● **ACTION ITEM**:
Word for word, please copy the line containing "Apartamento Casa Palazzo Monacelli 1" and all lines after it in the entries below, and only those, leaving every picture out.
[[ RECORDS PROVIDED, beginning ]]
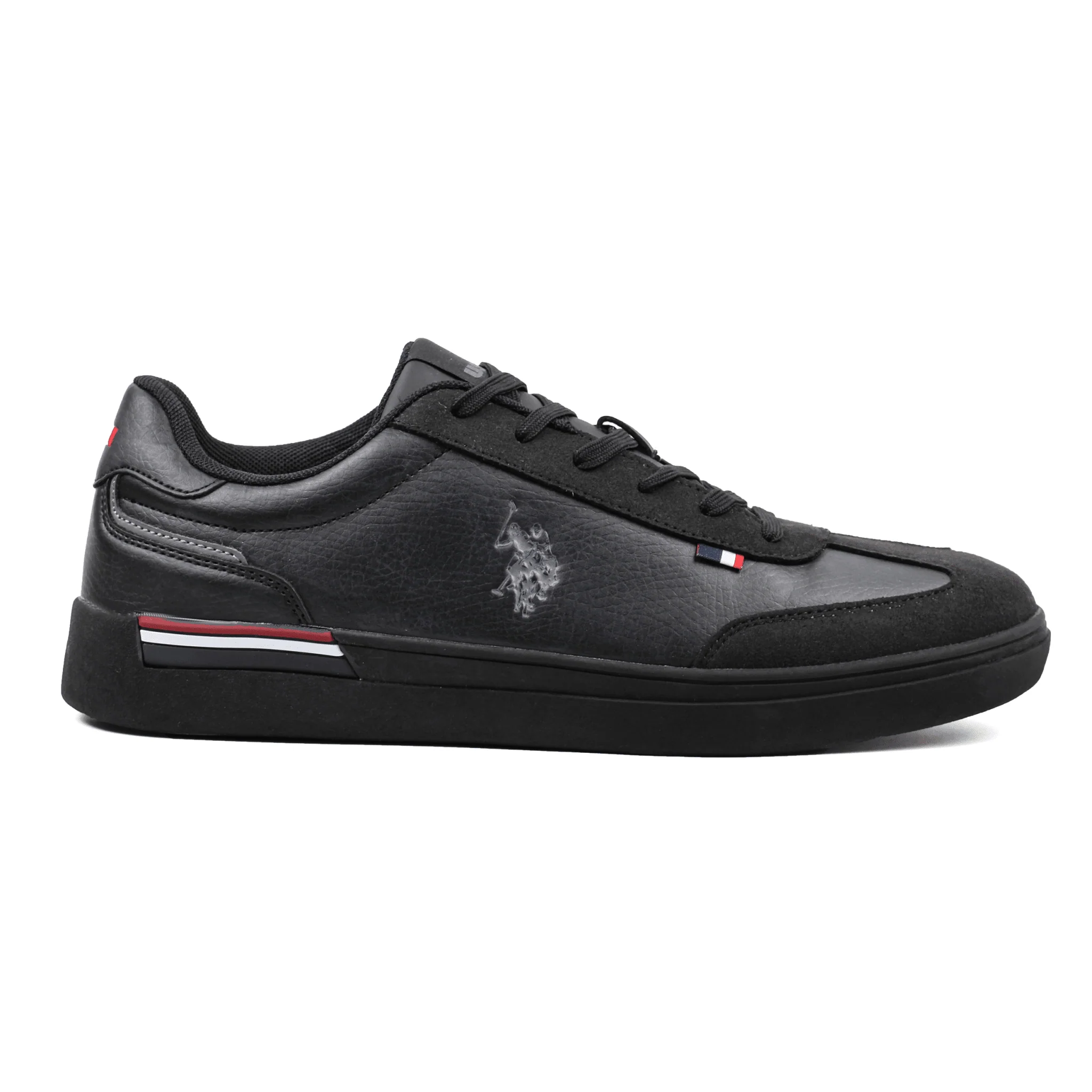 U.S. Polo Loumi Glb 5pr Sneakers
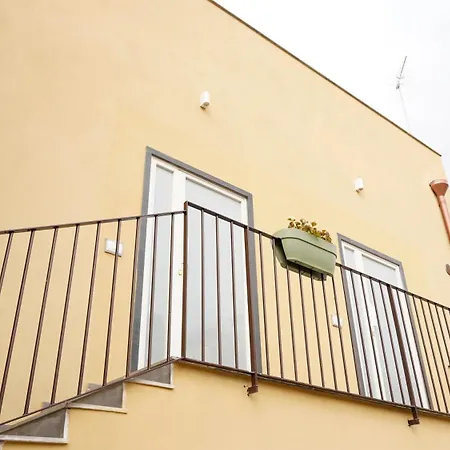 Apartamento Casa Palazzo Monacelli 1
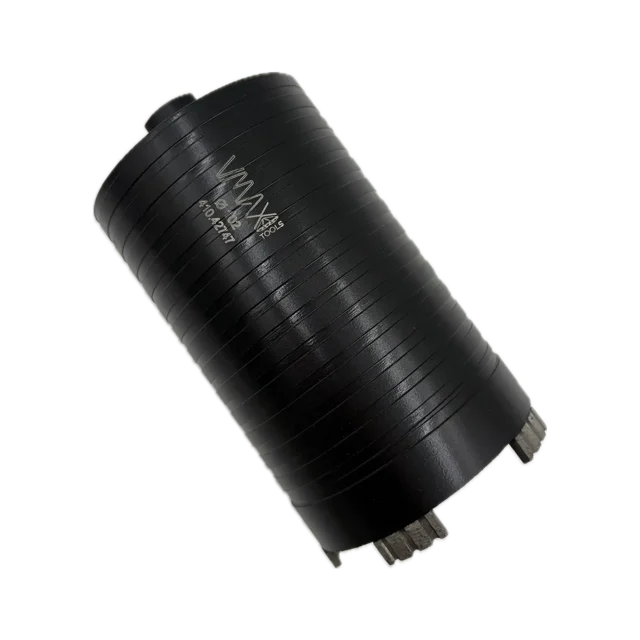 Dosenbohrkronen VMAX TITAN PREMIUM 102 mm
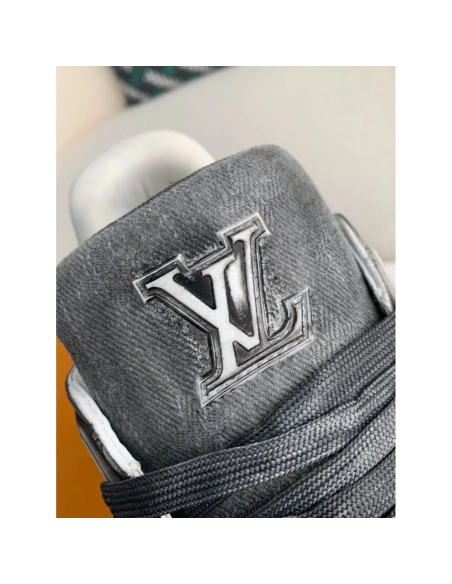 Louis Vuitton Trainer Sneakers,LOUIS VUITTON
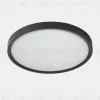 Потолочный светильник Italline IT011-5023 black IT011-5023 black - 1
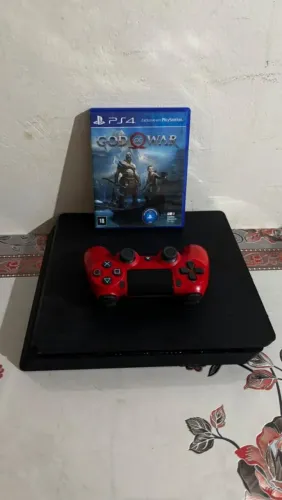 ps4 slim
[[ RECORDS PROVIDED, end ]]
● **RESPONSE TO THE EXERCISE**:
 Apartamento Casa Palazzo Monacelli 1
 Dosenbohrkronen VMAX TITAN PREMIUM 102 mm
 Louis Vuitton Trainer Sneakers,LOUIS VUITTON
 Потолочный светильник Italline IT011-5023 black IT011-5023 black - 1
 ps4 slim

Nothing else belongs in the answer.